The moderator of the panel, Kate Nepveu, is a lawyer and book reviewer. She didn’t commit to a firm choice, but she suggested a portrait of the Americas before Columbus, 1491 by Charles C. Mann. She recommended it as “an intellectual tool which is about ways of doing history and how societies rise and fall, but is also incredibly entertaining.”
I decided on Cyrano de Bergerac through a process that started with War and Peace and traveled through Machiavelli’s Discourses and three of my childhood favorites: The Voyages of Dr. Dolittle, Felix Salten’s Bambi, and The Prisoner of Zenda.

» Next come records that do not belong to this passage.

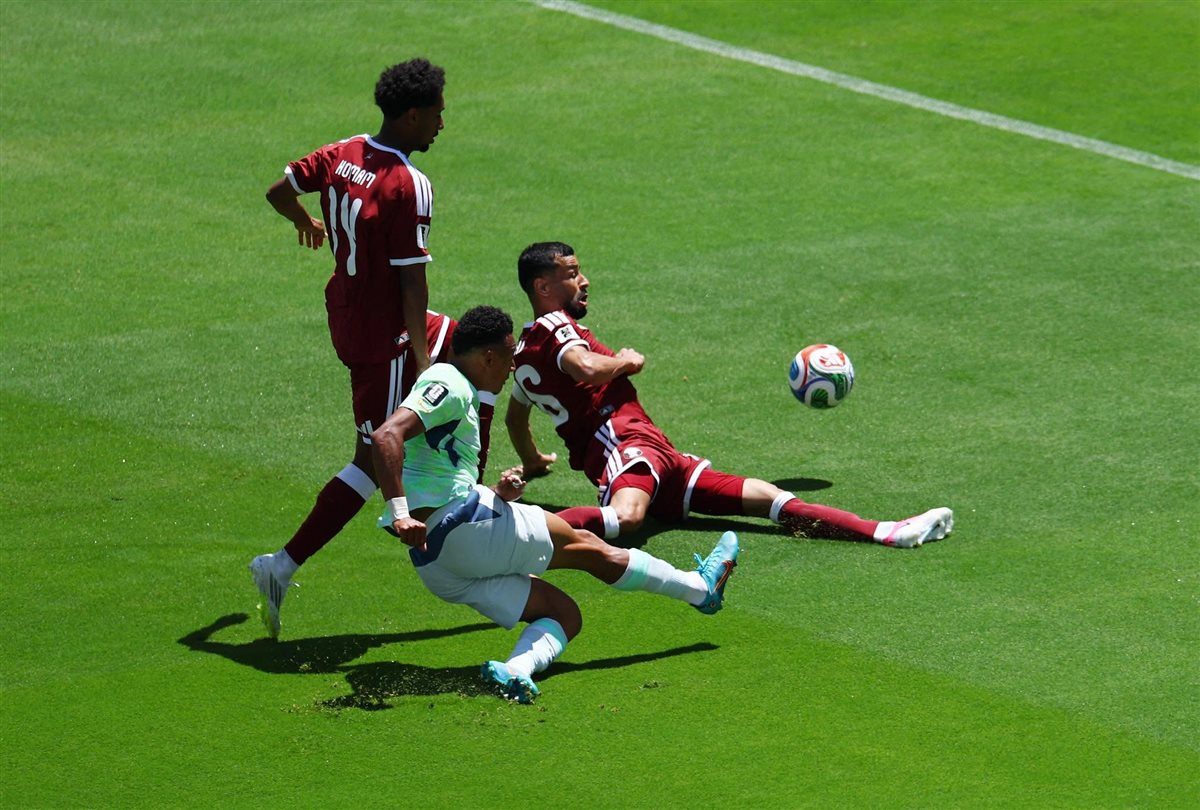 قطر وسويسرا
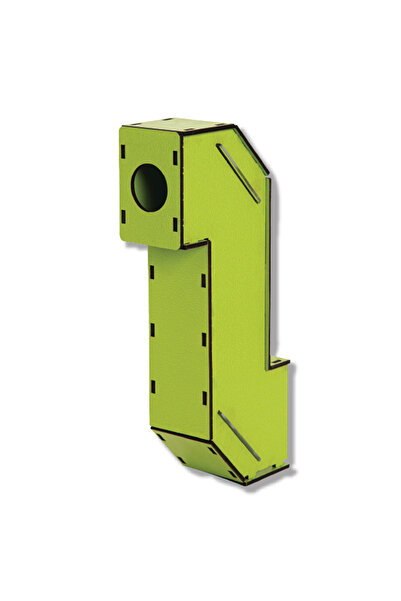 Lapin Deney Atölyesi Periskop – Kendin Yap DIY Deney Bilim Seti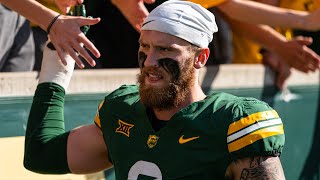 Baylor Football: Matt Jones 2024 Season Highlights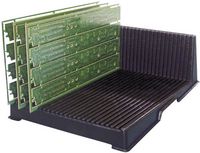 Produktbild: BJZ ESD-Platinenhalter (L x B x H) 35.5 x 26.8 x 12.8 cm leitf&auml;hig ESD-Kennbuchstabe: C H-LS-356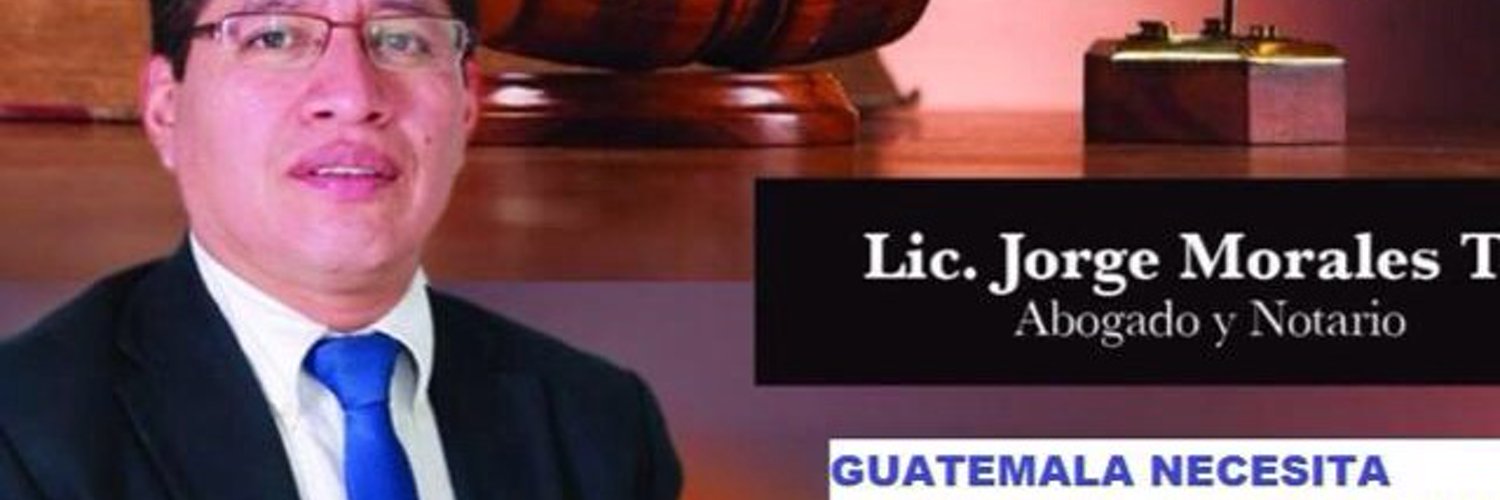 JorgeMoralesToj's profile banner image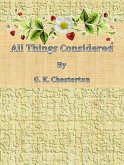 All Things Considered (eBook, ePUB)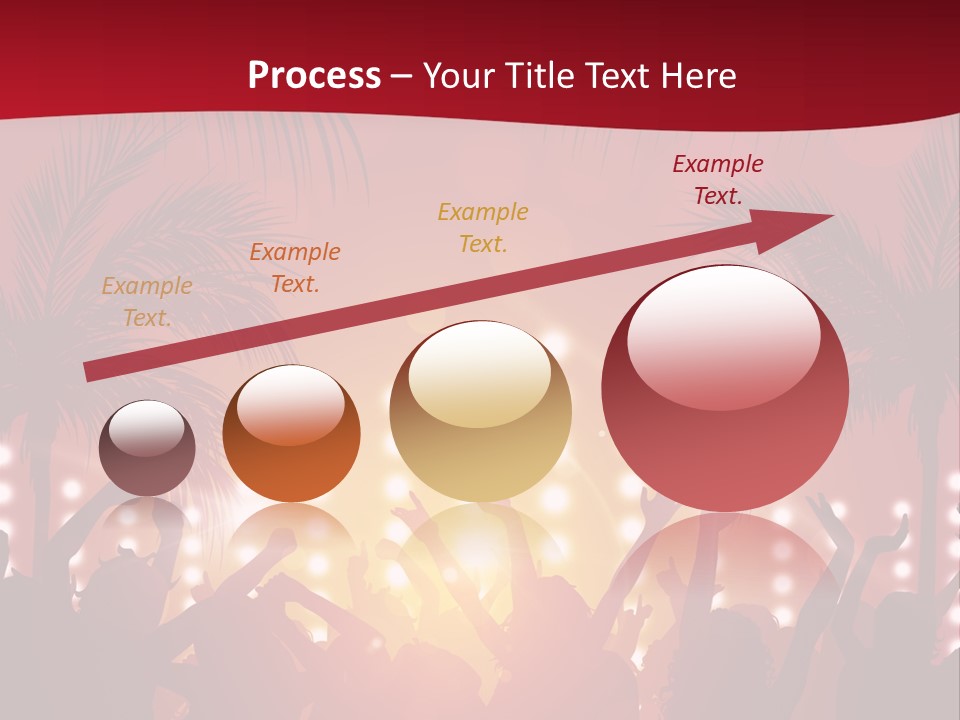 Equipment Supply Electricity PowerPoint Template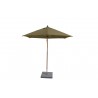 Sirocco 2.7m Round Umbrella- taupe
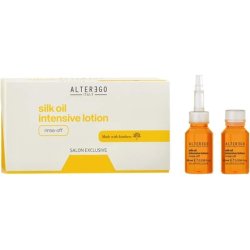 Alterego Silk Oil Intensive Illuminating and Anti-Frizz 10ml Vials - Pack of 12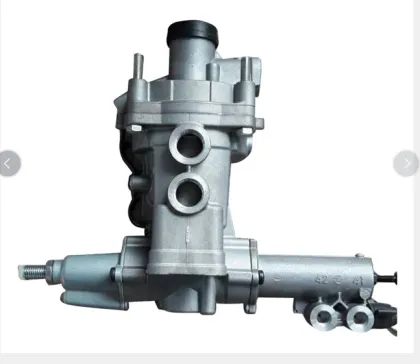 load sensing relay emergency valve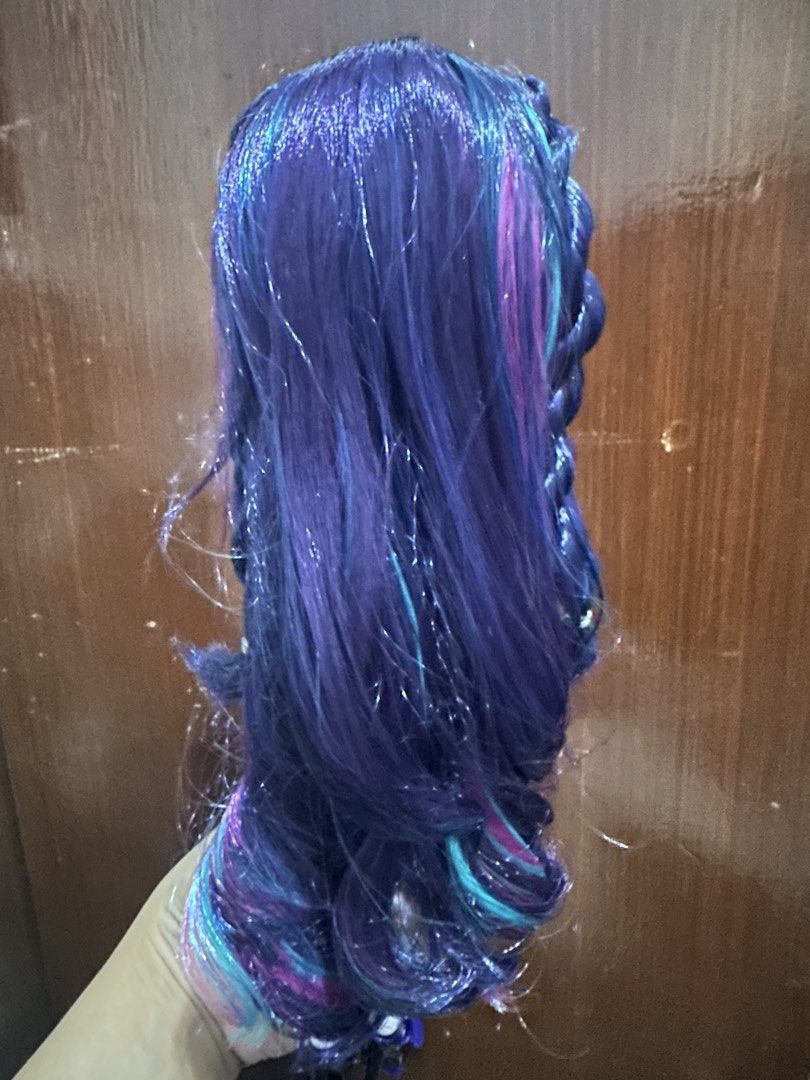 Rainbow High Shadow High Doll (Category: Kids Toys) located in Quezon City. Submitted by dollyfinds (Listing ID 1445841852, Image 3). Description: Some discoloration Doll only (will not come with clothes & shoes).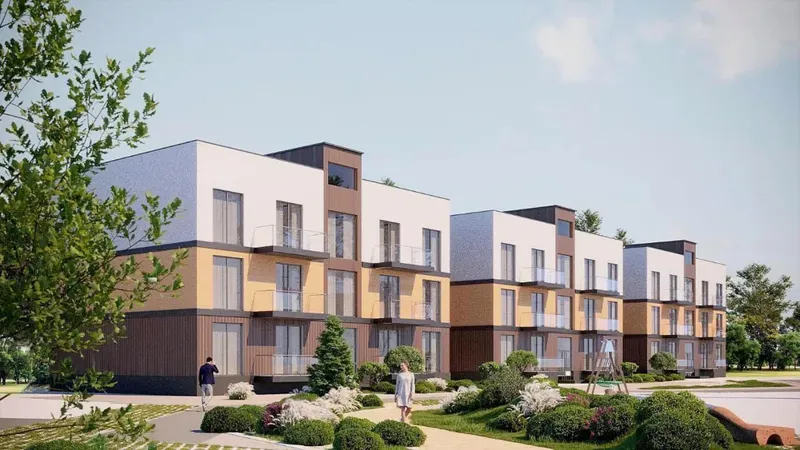 ЖК Люксембург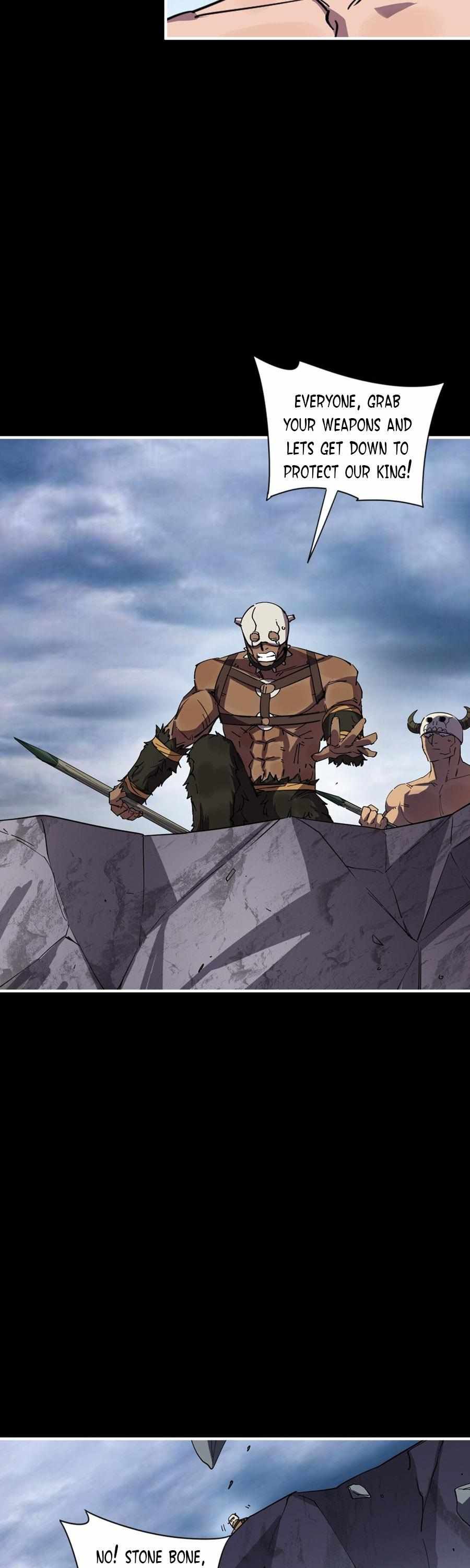 It All Starts With A Group Of Primitive People chapter 11 page 25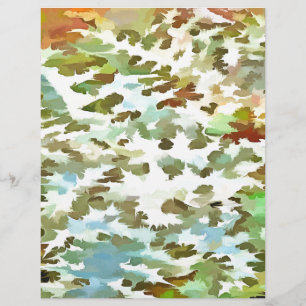 Papier Art pop Cineraria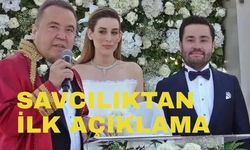 Muhittin Böcek'in gözaltına alınmasının ardından savcılıktan ilk açıklama geldi...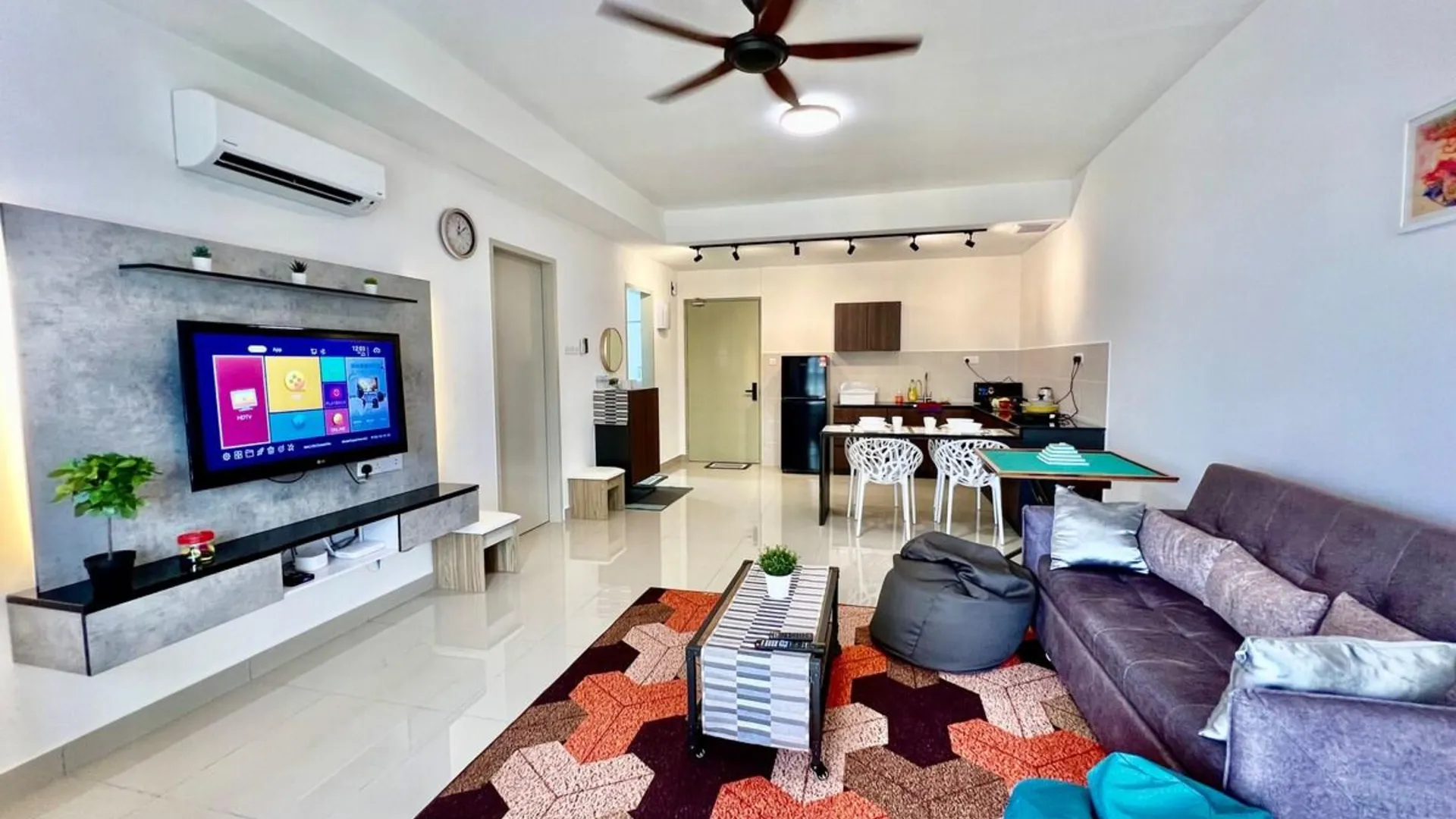 말라카 존커의 아파트먼트 (700m², 침실 1개, 프라이빗 욕실 1개) 4성급 게스트하우스 객실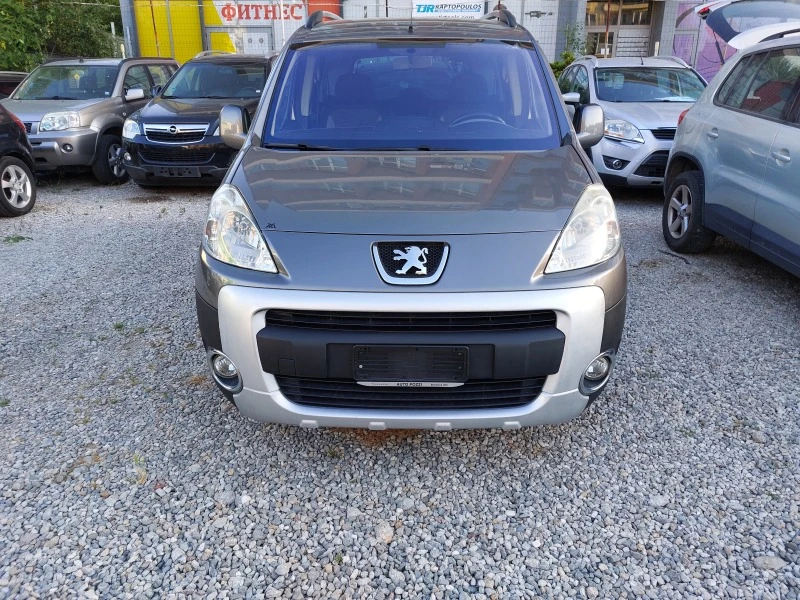 Peugeot Partner 1.6 HDI, снимка 2 - Автомобили и джипове - 46519133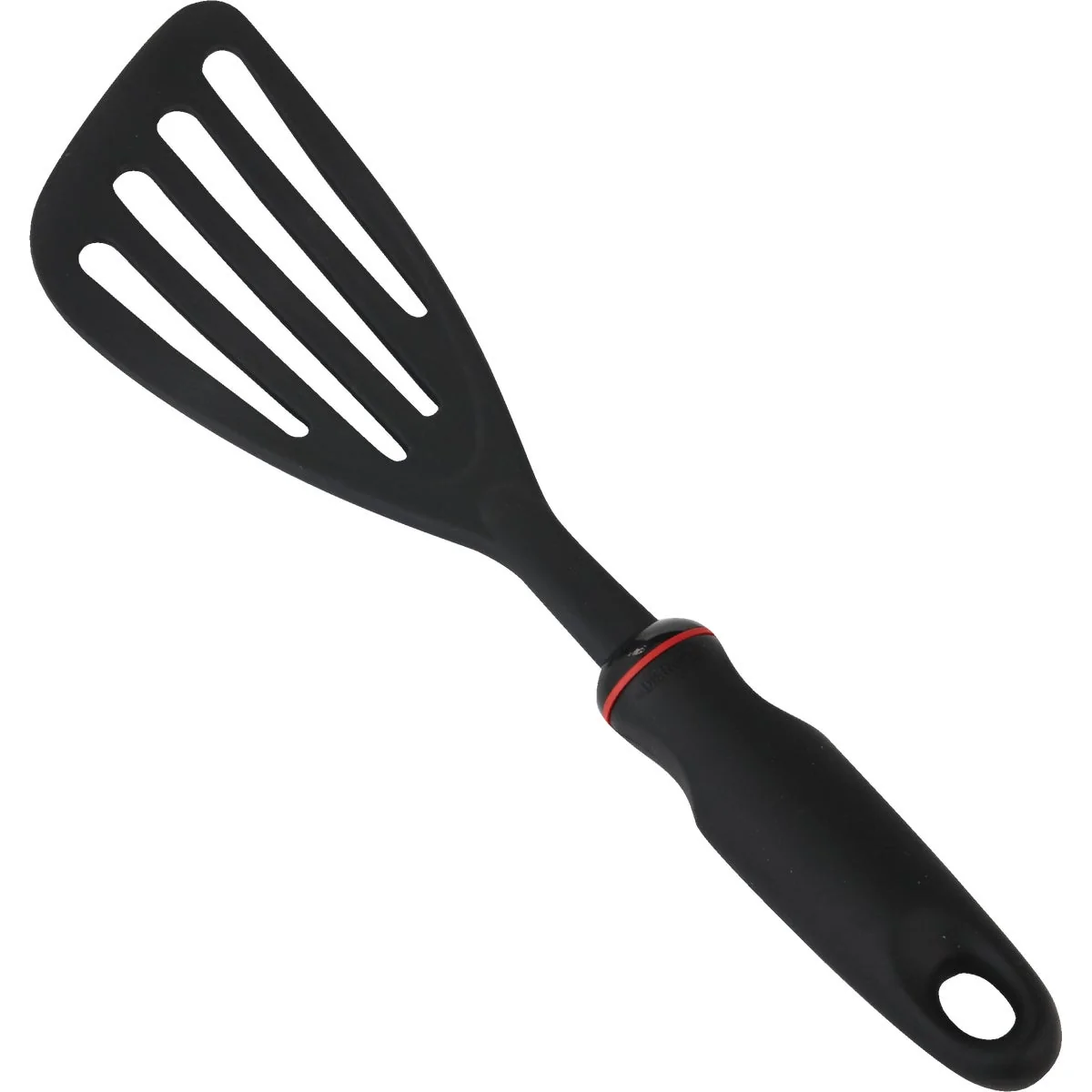 Recyclable Norpro Grip-EZ 12 In. Nylon Slotted Spatula Turner Secure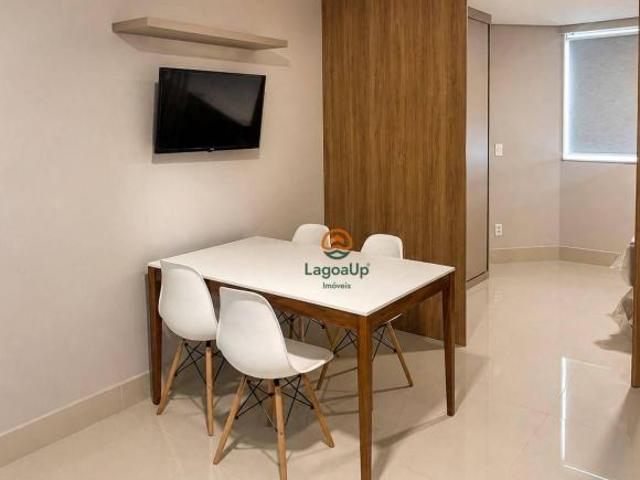 Flat em Centro, Lagoa Santa/MG de 29m² 1 quartos à venda por R$ 327.000,00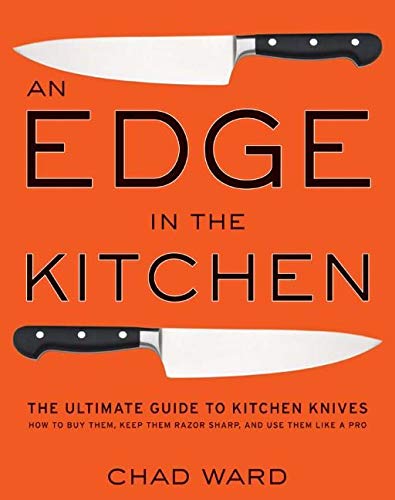 Algopix Similar Product 13 - An Edge in the Kitchen The Ultimate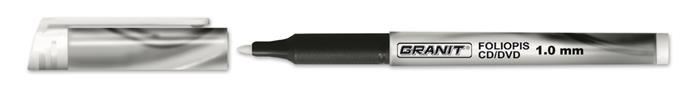 Granit M859 OHP alkoholos marker fehér (M85920K18)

Cyrano would be a great story to tell around the campfire when Bradbury’s booksavers hide in the wilderness. Every act evokes a different mood, from the swashbuckling comedy of its opening to the sentimental tragedy at its end. As rebels against a conformist society, the booksavers might be inspired by Rostand’s portrait of Cyrano as an uncompromising individualist, the writer who vows “never to make a line I have not heard in my own heart.”
Pick a book, any book
For all its charms, Cyrano isn’t in the same league as the dialogues of Plato. James Morrow is the only writer on the Readercon panel who chose a true classic. Should book savers limit themselves to some acknowledged list of Great Books? The panelists didn’t seem to think so. Runners up included Charles Darwin’s The Origin of Species and a cookbook that contained recipes from all over the world. I prefer a bottom-up approach but I can see the arguments for an organized effort.
What book would you choose if you could only save one book from the flames? Why would you choose it? Please note: You’re contributing to a library. You don’t have to choose the one book that can be used to restart civilization after it crumbles. If you’re a typical BSR reader, I suspect you’re already mulling over half a dozen titles. Let us know.